A Foot In the Door, NMG Acoustic Performance Series at Douglas Corner

[portfolio_slideshow] There is an implicit wall that a person confronts when they decide to embark on a new endeavor. Similar to the pursuit and attainment of my fresh internship with Nashville Music Guide, musicians all throughout Nashville are constantly looking for a break, a way to get their foot in the door. This seemingly small task, like getting a first gig, is actually a monumental barrier that inhibits a career from taking off. While Nashville is widely considered the music capital of the country, it takes more than just living in Nashville and having strong vocals to jump start a budding performer’s career. Not to toot our own horn, but here at Nashville Music Guide, we have provided an outlet that nurtures the up-and-comers and helps to bring to the forefront some established singer-songwriters.

Every few weeks, Nashville Music Guide sponsors an event that provides promising singer-songwriters the opportunity to showcase some of their songs in a thirty minute set at local venue, Douglas Corner. As opposed to a typical in-the-round songwriter night, former Nashville Music Guide owner Dan Wunsch’s initial philosophy was that “writer’s nights are great if you want to listen to songs, but they fall short in showcasing the singer-songwriter as a performing artist.  Because of single downloads, the new business model for the record industry is to sign ‘performing artists,’ who can build a fan base, tour and sell albums at their gigs. Hopefully this night will turn into an opportunity for the industry to hear a few of these ‘undiscovered‘ artists for the first time.“

Last month’s performance marked the nine-month anniversary since the event’s founding. Opening off was ballad powerhouse, Keeli, with her soulful voice and occasional Irish folk twang. Her set mixed powerful jazzy ballads with pop element, giving her a unique style that epitomizes Keeli. Following Keeli was Jim Parker an old-time country ballad singer and guitarist. Beyond his melodic voice, Parker’s songs had incredible lyrics with strong meanings. In one of his songs, he talks about memories and how “you can’t relive old memories, they’re just markers in the sand.” Another song highlighted on the healing process that takes place following a major event or catastrophe. All in all, Parker’s sweet vocals and meaningful lyrics formed a connection with each member in the audience.

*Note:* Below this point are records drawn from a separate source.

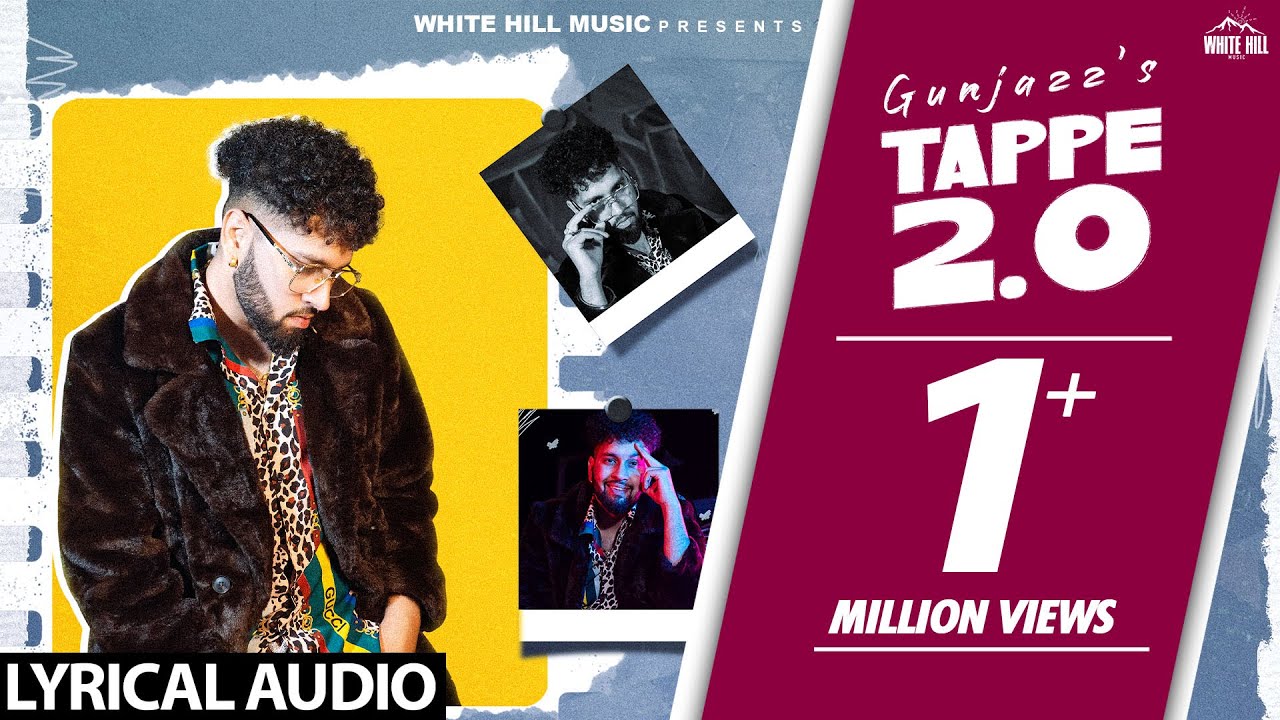 Tappe 2.0 (Lyrical Audio) Gunjazz | New Punjabi Songs 2023 | Beat Song | shade burberry de launi ae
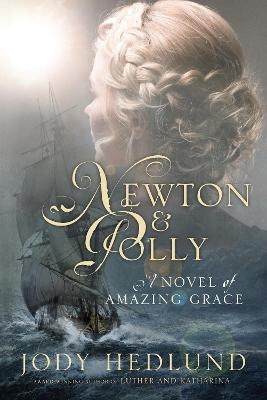 Newton and Polly - Jody Hedlund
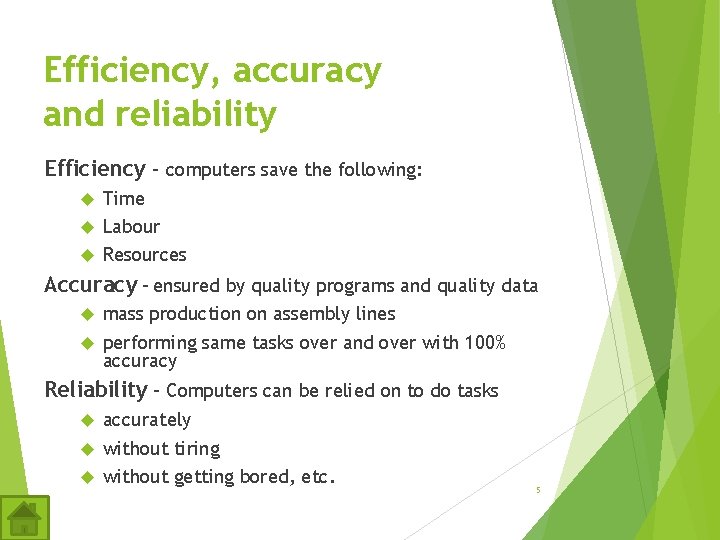 Efficiency, accuracy and reliability Efficiency – computers save the following: Time Labour Resources Accuracy Efficiency, accuracy and reliability Efficiency – computers save the following: Time Labour Resources Accuracy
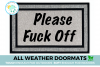 all weather doormat reading "Please Fuck Off"
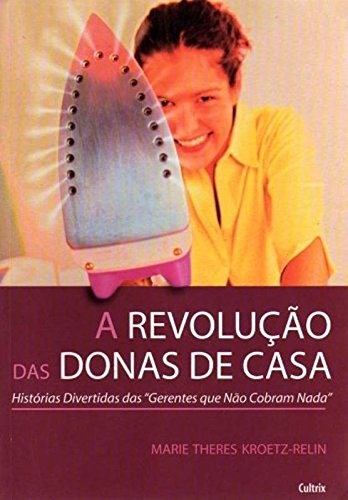 Revolução Das Donas De Casa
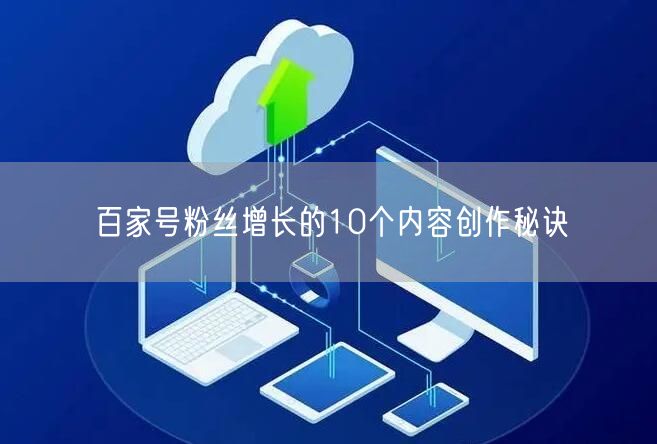 百家号粉丝增长的10个内容创作秘诀
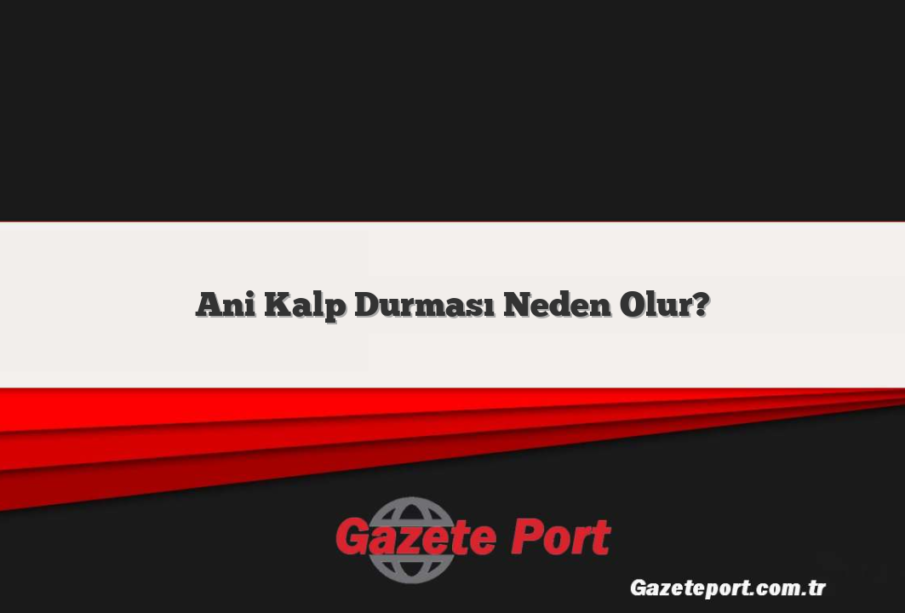 Ani Kalp Durması Neden Olur?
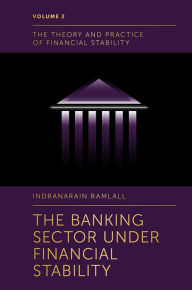 Title: The Banking Sector Under Financial Stability, Author: Indranarain Ramlall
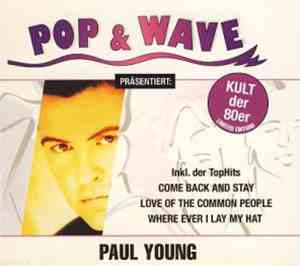 Paul Young - Pop & Wave Präsentiert: Paul Young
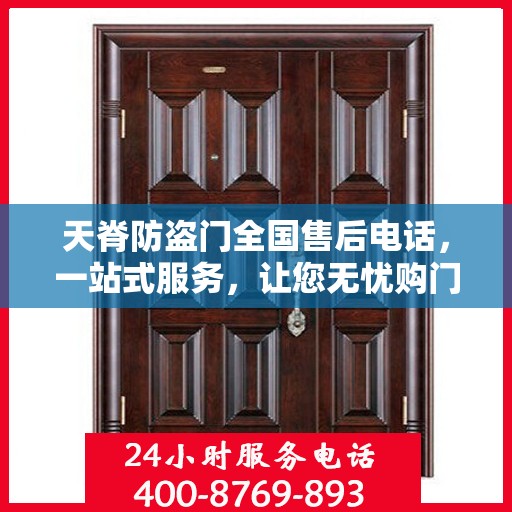 天脊防盗门全国售后电话，一站式服务，让您无忧购门！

Scott Southworth was the next performer to grace the stage. Southworth not only showcased his deep voice and pronounced guitar playing, but his skills on the harmonica. With a thick country twang, Southworth followed Parker’s trend with innovative lyrics and songs, such as “Better Livin’ Through Modern Pharmaceuticals.” Jayce Hein was the next artist to take the stage. Hein, as with the last two performers, was a country singer, but more modern pop country then the others. To most closely describe Jayce would be to compare him to Rascal Flatt’s Gary LeVox as they have a very similar range and tone to their voices. Hein’s songs were quite upbeat and varied in topic, offering tips on learning to lie and comparing life to one big party. Last to reveal their talent was duo Cody White and Laura McGhee, who definitely had chemistry, to say the least. Cody was the quintessential definition of an old-time country artist, complete with a thick grey beard and deep booming country voice. In contrast, Laura offered a sweet native Irish voice and a graceful but eccentric fiddle performance. Together, the two had a lively and exciting performance that highlighted the distinctive harmony between the two dissimilar artists.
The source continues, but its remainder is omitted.